Welcome back to Nightmare on VPN street with TMG and SSTP – Part 4 of 4. If you’ve been following along, we’re going to use the client to determine the SHA256 value since this isn’t “visible” within the certificate itself. Then we’ll tackle the subsequent TMG configuration and the testing.
If you want to go back to Part 3, Part 2, or Part 1, click respectively.
Here goes:
We should be at the point of being able to connect (and then immediately disconnect unfortunately) with SSTP. The configuration of my client was straight forward with only a few minor tweaks. If it was working previously, you need to change NOTHING. Oh, and before I show them to you, make sure you’ve disabled (or more accurately, ENABLED) the NoCertRevocationCheck reg key. I’ve included the config here for completeness:
- Open the Network Sharing Center control panel.
- Select “Set up a new connection or network”.
- Choose “Connect to a workplace”
- Choose Use my Internet Connection (VPN)
- Put it the name of your TMG server’s external presence, which should be your certificate’s SUBJECT name, e.g. vpn.domain.com
- Note, if you use the IP Address, you’ll get SSL errors, although might still be able to connect.
- Select the “Don’t connect now…” checkbox. Click Next
- Put in your credentials and click “Create” then click “Close”. If you see “connect”, then you didn’t check the ‘Don’t connect now” checkbox. Either way, it’s no big deal.
- Go back to the propertes of the connection you just created.
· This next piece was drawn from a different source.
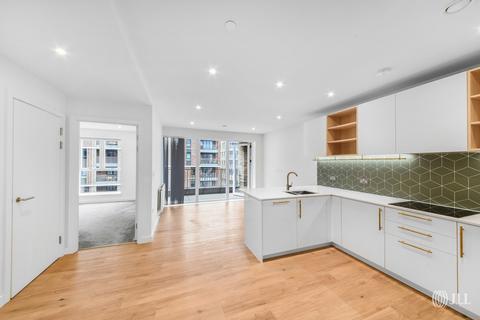 1 bedroom flat to rent, Mary Neuner Road London N8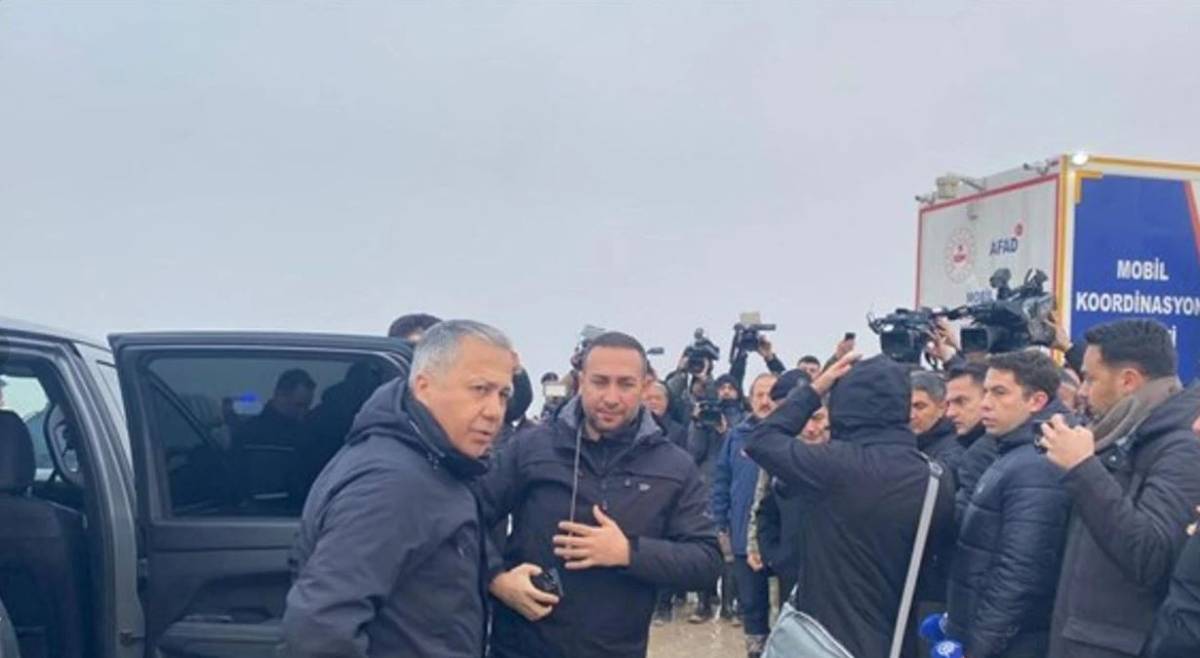 Yerlikaya: “Uçağın Ses Kayıt Cihazı ve Kara Kutusu Bulundu.”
- Under the Security tab, change the “Type of VPN” to SSTP and then click OK. This will allow the connection to happen faster instead of RRAS trying PPTP first, timeout, try L2TP second, timeout, before trying SSTP.
Now, here’s where we “find” the SHA256 hash value.
- Double click the VPN connection you just created and click connect – you should see it trying to connect, authenticate, then really connect – then almost immediately disconnect. Click ok.
- Now, open Eventvwr on the client and look for this error Event ID 6 – RrasSstp
Note: I blacked out most of the key for security, but left you the ‘view’ so you know what to look for.
- OK, so what you’re seeing in the eventvwr is the SHA256 value that is the ACTUAL CORRECT value. We’re going to take this value and change the DUMMY SHA256 value that is in the registry on the TMG 2010 server.
- You can either manually do it using regedit, or use the command line like this:
- reg delete HKLM\SYSTEM\CurrentControlSet\Services\SstpSvc\Parameters /v SHA256CertificateHash /f
- reg add HKEY_LOCAL_MACHINE\SYSTEM\CurrentControlSet\Services\SstpSvc\Parameters /v SHA256CertificateHash /t REG_BINARY /d this_is_the_SHA256_hash_value_you_copied_from_the_eventlog_on_the_client /f
At this point, I recommend rebooting the TMG server and making sure everything comes back relatively clean. You should no longer see the Schannel errors nor the RRAS SSTP Event ID errors 18 or 19 since the hashes are now correct in the registry for SHA1 and SHA256.
Now you should be able to connect from your client using the SSTP VPN connection and STAY connected.
I hope this helps anyone out there save some time with it comes to replacing computer certificates on TMG 2010!